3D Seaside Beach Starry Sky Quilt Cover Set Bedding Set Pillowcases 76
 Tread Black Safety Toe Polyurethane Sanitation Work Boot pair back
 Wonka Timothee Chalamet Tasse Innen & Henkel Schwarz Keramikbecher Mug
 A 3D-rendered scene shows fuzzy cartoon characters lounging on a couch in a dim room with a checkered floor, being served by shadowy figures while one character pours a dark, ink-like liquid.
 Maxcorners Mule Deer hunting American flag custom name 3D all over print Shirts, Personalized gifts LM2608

——————

(PROMPT): Copy exactly the line that contains "Wonka Timothee Chalamet" and every line after it through the end of the entries, with nothing added.

(WRITTEN ANSWER):
 Wonka Timothee Chalamet Tasse Innen & Henkel Schwarz Keramikbecher Mug
 A 3D-rendered scene shows fuzzy cartoon characters lounging on a couch in a dim room with a checkered floor, being served by shadowy figures while one character pours a dark, ink-like liquid.
 Maxcorners Mule Deer hunting American flag custom name 3D all over print Shirts, Personalized gifts LM2608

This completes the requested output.